I’m sitting in the press filing centre at Saint Anselm College where the leading Republican and Democratic presidential candidates are about to hold back to back debates. The stakes are huge—this is Hillary Clinton’s last best chance to halt the Obama bandwagon before the primary on Tuesday. While on the Republican side, Mitt Romney can’t afford a bad showing. Worryingly for Romney, Ed Rollins, a key Huckabee aide, told the New York Times this morning: “We’re going to see if we can’t take Romney out,” Mr. Rollins said. “We like John. Nobody likes Romney.”
The next question is on the candidate’s bedrock principles. A series of bland, motherhood and apple pie statements follow as Romney and McCain refuse to take up the moderator’s invitation to go mano a mano.
Healthcare is the third topic up. Romney, who as governor of Massachusetts implemented a much-praised healthcare plan, gives a polished answer. However, he then comes under fire from Fred Thompson on the details of it. Romney looks rattled as another Republican goes after him. McCain has to be loving the way that Romney is taking fire from all sides.

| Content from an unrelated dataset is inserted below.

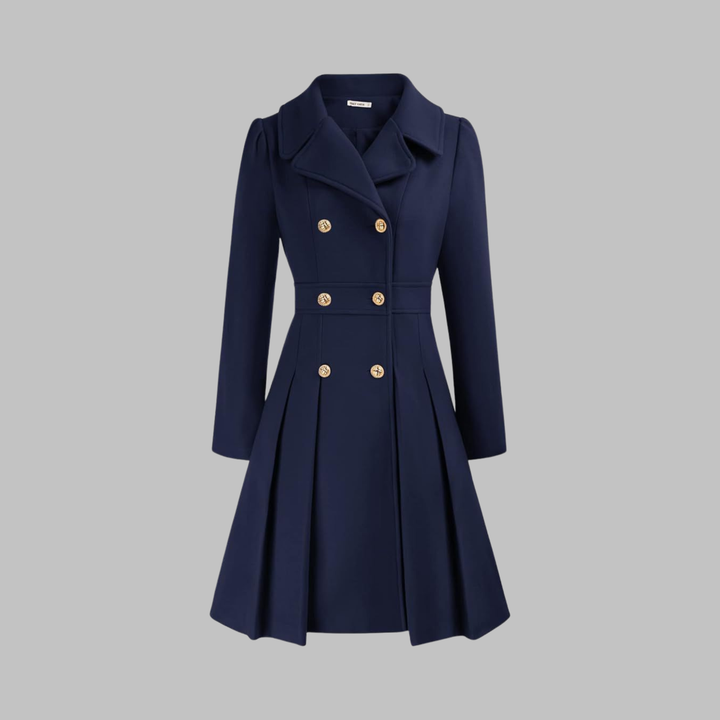 Pleated Fit and Flare Coat in Navy — VerolynBoutique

McCain then gets a question on immigration, the Achilles heel of his campaign. He stresses securing the borders but supports the idea of their being an eventual path to citizenship and reminds people that these people are “God’s children.” Romney tries to draw a contrast stressing his new hard-line stance on the issue. Rudy chooses to emphasise his competence and ability to enforce the law but doesn’t back away from the idea of a path to citizenship. Then comes a ding-dong between McCain and Romney over Romney’s criticism of him. McCain tells Romney, “You can spend your entire fortune on these attack ads calling my plan amnesty and it still won’t be true.” He then tells Romney that he is not going to call up soldiers in Iraq to inform them that he’s deporting their grandmothers. Thompson then joins in the mass assault on Romney. Romney claims that the quote Thompson is using was wrong, McCain jokes that if you change position as often as Romney does you’re going to get misquoted from time to time. Giuliani then, sensibly points out that Ronald Reagan did do amnesty, and says that he’d be in one of “Mitt’s negative commercials.” By my count, every candidate has attacked Romney while the others—with the exception of the attacks on Ron Paul during the foreign policy section—are playing nice.

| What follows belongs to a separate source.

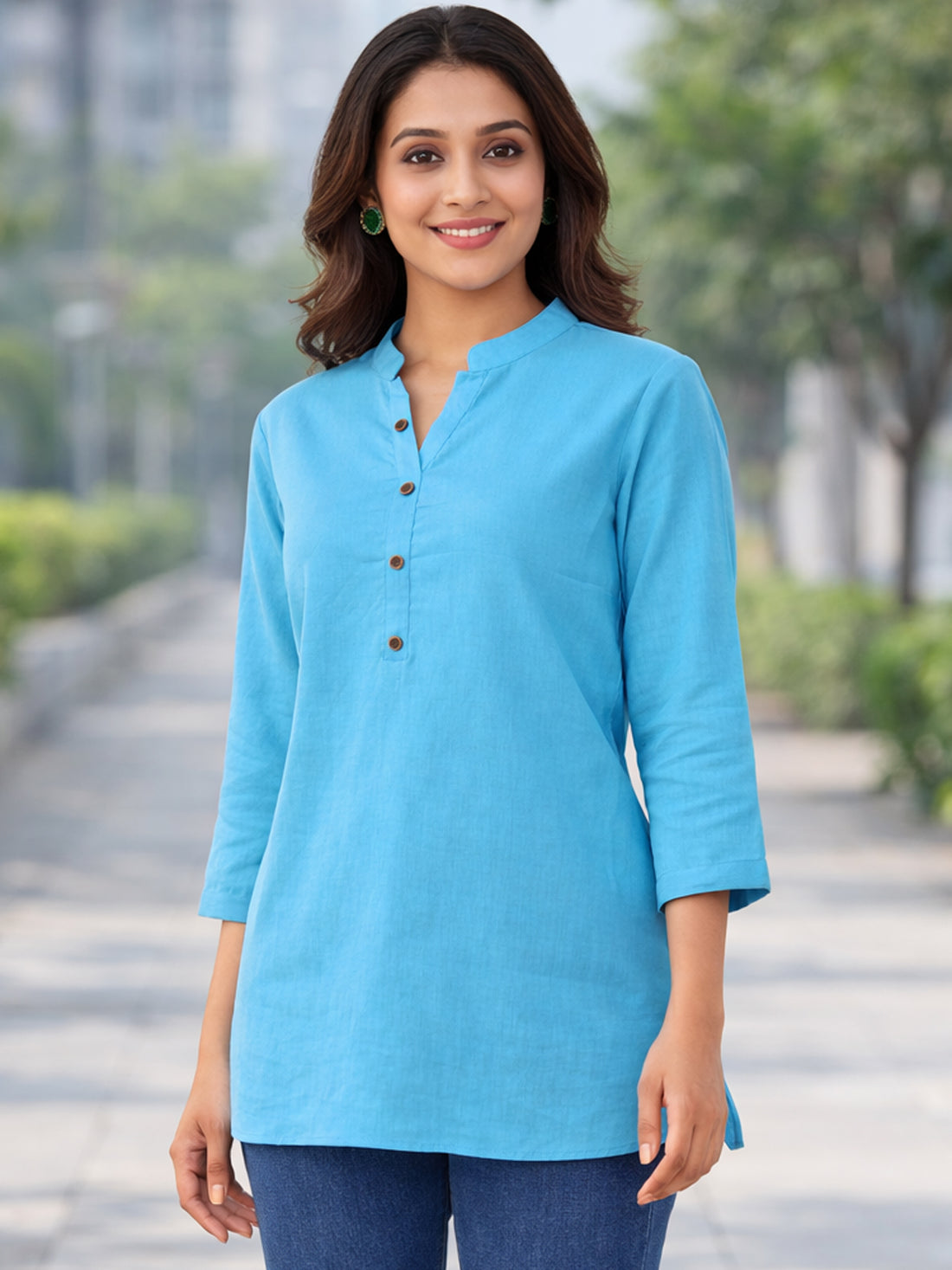 Turquoise Everyday Cotton Tops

The moderator asks the candidates about how they would run against Barack Obama. McCain and Romney trade barbs but Huckabee steals the show with a clear, concise answer stressing the differences and similarities between him and Obama. Huckabee is turning in a strong performance, third place might not be beyond him here.
In a question about the price of oil, Thompson offers props to McCain again. Indeed, the frequency with which Thompson is taking on Romney and praising McCain makes one wonder if Thompson’s heart might not already be with McCain. Giuliani delivers a strong fact-filled answer.
The spin room afterwards sees the other campaign continue the attacks on Romney. How far Romney has lurched to the right is illustrated by the fact that Tom Tancredo, the most extreme person on immigration in the US Congress, is spinning for him on the issue.